** Opening RECORDS TO PROCESS block **

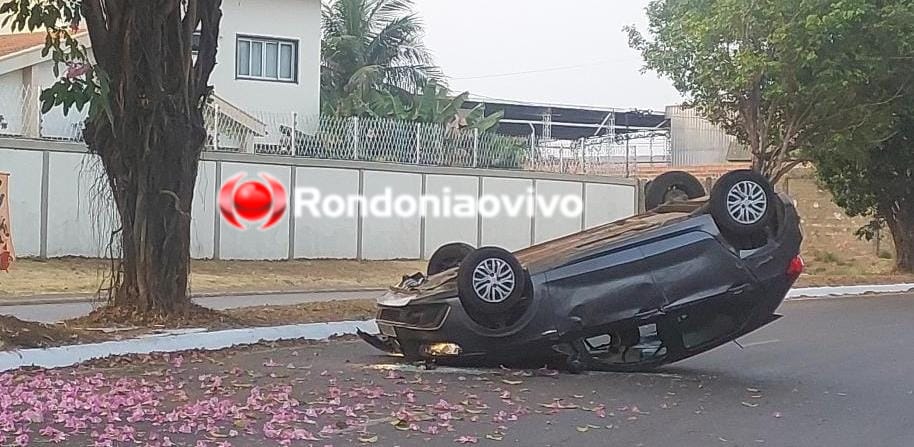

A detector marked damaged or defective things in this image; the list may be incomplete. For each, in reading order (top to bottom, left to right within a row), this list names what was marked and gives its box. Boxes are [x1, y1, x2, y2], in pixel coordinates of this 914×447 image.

overturned dark car [360, 170, 800, 372]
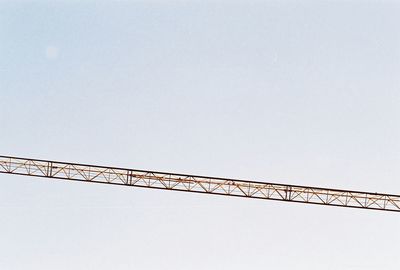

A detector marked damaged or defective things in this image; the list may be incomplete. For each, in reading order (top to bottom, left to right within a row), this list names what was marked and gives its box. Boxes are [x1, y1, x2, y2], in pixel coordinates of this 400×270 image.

rusty metal crane [0, 155, 398, 212]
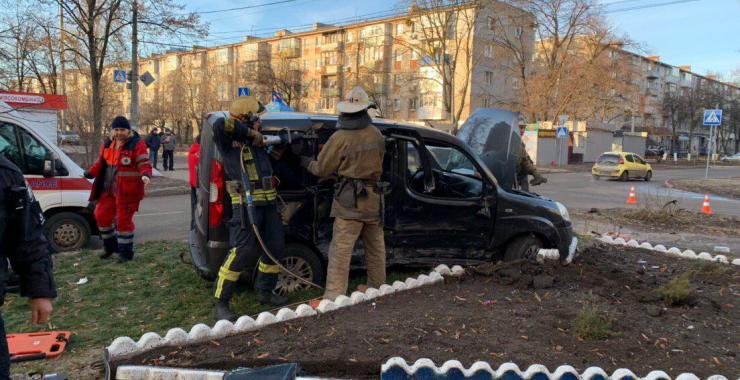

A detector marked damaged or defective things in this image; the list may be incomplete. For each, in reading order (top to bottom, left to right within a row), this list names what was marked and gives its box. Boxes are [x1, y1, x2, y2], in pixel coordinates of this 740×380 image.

crashed black van [188, 108, 576, 292]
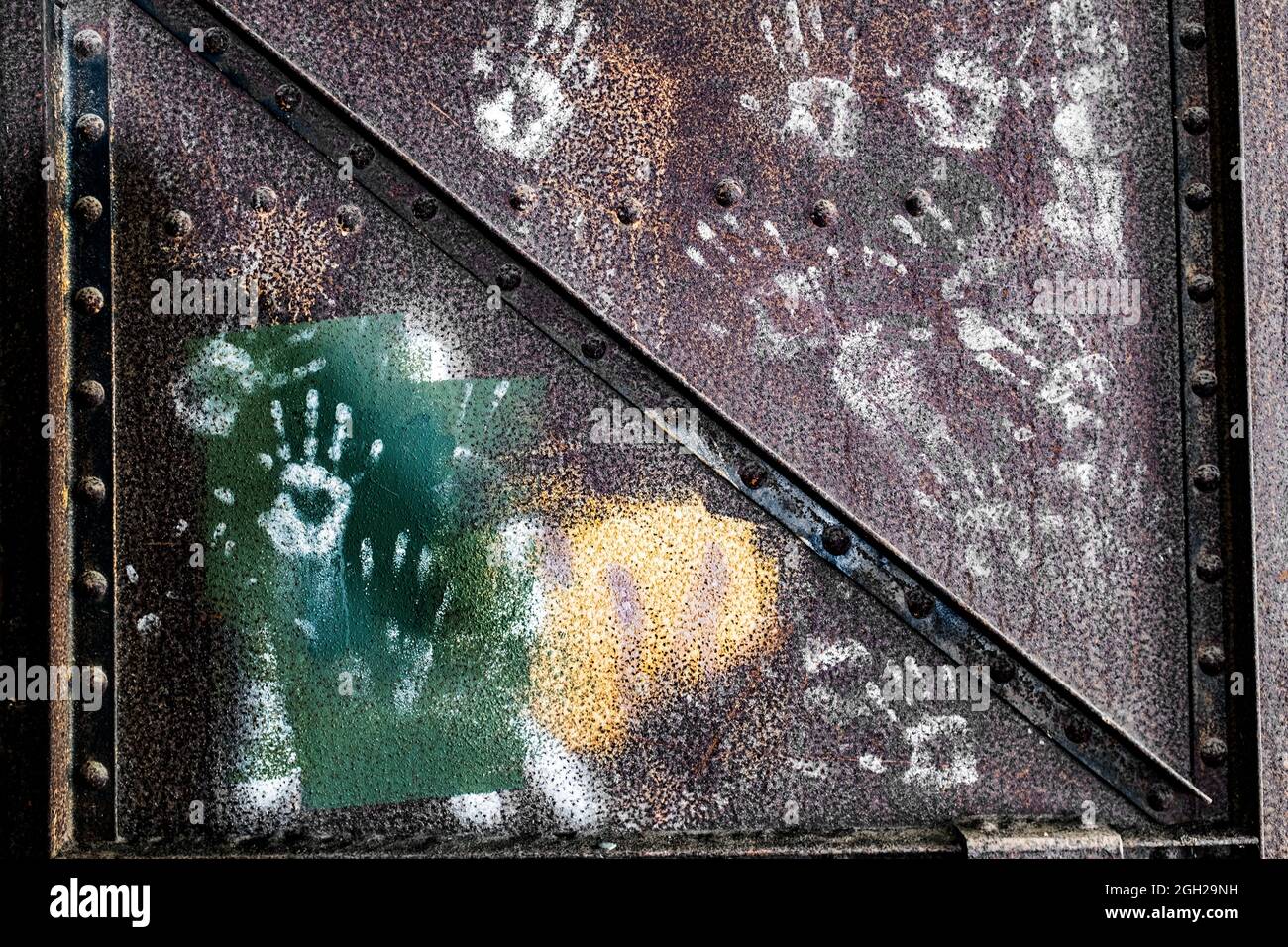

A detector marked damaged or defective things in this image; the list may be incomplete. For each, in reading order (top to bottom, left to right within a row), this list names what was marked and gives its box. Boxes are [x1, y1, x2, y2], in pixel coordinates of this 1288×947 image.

rusty metal surface [92, 0, 1165, 844]
rusty metal surface [216, 0, 1189, 761]
rusty metal surface [1236, 0, 1288, 864]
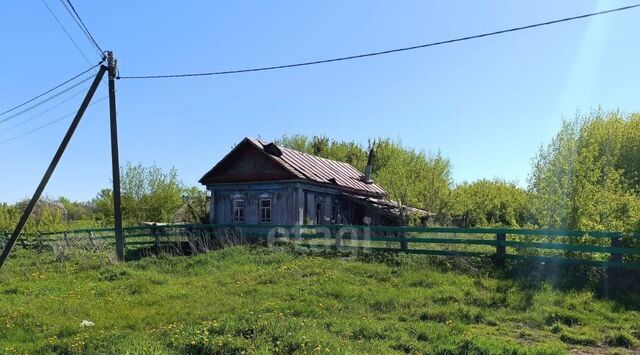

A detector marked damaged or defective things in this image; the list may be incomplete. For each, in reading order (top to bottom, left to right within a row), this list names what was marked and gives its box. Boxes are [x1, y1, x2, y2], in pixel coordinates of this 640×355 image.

rusty metal roof [248, 138, 388, 197]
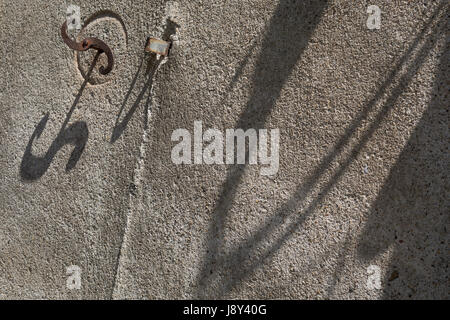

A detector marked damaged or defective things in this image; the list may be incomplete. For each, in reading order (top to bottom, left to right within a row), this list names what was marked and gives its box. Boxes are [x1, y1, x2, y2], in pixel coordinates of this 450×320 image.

rusty iron hook [61, 20, 114, 75]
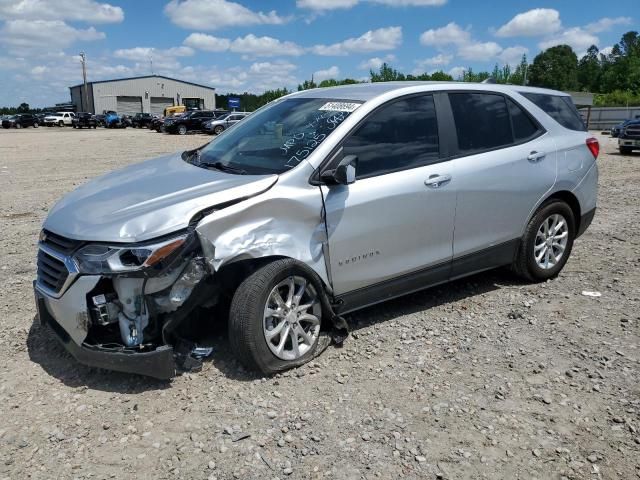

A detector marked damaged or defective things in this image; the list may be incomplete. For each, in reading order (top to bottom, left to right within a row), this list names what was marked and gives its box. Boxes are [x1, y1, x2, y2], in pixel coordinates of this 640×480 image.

crushed front end [33, 229, 214, 378]
cracked headlight [73, 233, 188, 274]
bent hood [42, 152, 278, 242]
damaged silver suv [31, 82, 600, 378]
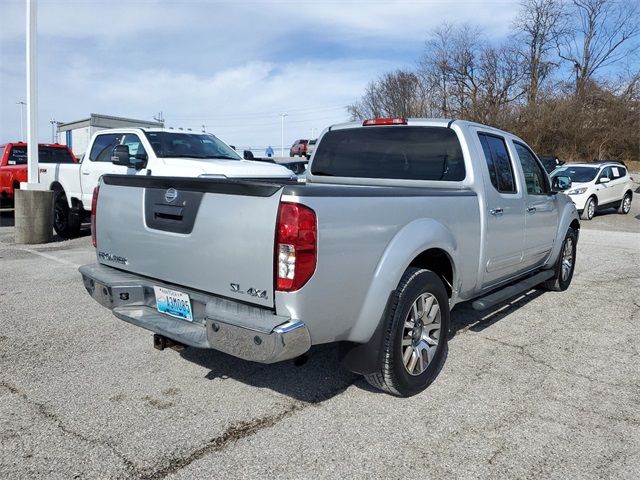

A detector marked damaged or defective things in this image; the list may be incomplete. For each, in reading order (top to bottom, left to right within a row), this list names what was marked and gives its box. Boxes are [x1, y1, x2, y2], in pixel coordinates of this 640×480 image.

cracked pavement [0, 196, 636, 480]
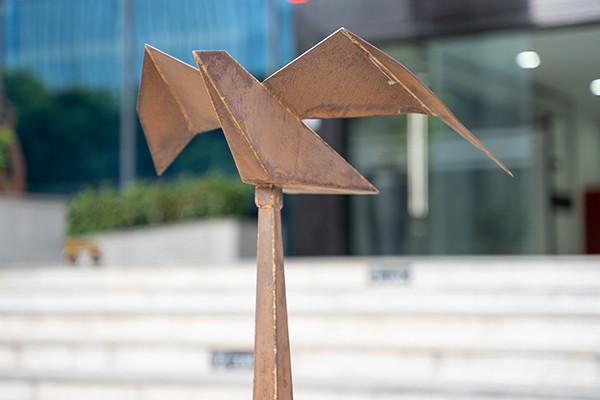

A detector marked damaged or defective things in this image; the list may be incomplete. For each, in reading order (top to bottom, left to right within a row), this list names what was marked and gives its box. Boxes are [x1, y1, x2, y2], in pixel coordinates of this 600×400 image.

rusty metal sculpture [137, 28, 510, 400]
rust stain on metal [138, 26, 512, 400]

** Closing RECORDS TO PROCESS block **

_PROBLEM DESCRIPTION:_
Only one span is to be repeated: the line with "this 600×400 image." through the final line of the entries above, word for word.

_SOLUTION FOR THIS EXERCISE:_
A detector marked damaged or defective things in this image; the list may be incomplete. For each, in reading order (top to bottom, left to right within a row), this list names what was marked and gives its box. Boxes are [x1, y1, x2, y2], in pixel coordinates of this 600×400 image.

rusty metal sculpture [137, 28, 510, 400]
rust stain on metal [138, 26, 512, 400]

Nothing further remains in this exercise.